START Records provided
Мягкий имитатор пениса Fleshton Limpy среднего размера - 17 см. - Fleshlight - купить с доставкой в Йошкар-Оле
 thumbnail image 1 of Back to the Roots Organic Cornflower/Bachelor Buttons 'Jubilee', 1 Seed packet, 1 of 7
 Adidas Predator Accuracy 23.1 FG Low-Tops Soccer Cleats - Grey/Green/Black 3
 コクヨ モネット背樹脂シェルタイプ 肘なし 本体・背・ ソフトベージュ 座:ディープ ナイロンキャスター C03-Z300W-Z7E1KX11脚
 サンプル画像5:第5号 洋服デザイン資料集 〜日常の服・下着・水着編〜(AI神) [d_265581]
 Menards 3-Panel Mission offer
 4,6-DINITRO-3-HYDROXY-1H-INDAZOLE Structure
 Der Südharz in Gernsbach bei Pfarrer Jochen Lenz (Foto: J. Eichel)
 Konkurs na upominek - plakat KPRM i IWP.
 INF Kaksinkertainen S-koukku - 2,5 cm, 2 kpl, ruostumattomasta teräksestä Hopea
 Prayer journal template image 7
END Records provided
- _Goal of the exercise_: "Konkurs na upominek - plakat KPRM i IWP." marks the first line to print; reproduce that line and every line after it through the end of the listing above.

- _Response to the task_:
 Konkurs na upominek - plakat KPRM i IWP.
 INF Kaksinkertainen S-koukku - 2,5 cm, 2 kpl, ruostumattomasta teräksestä Hopea
 Prayer journal template image 7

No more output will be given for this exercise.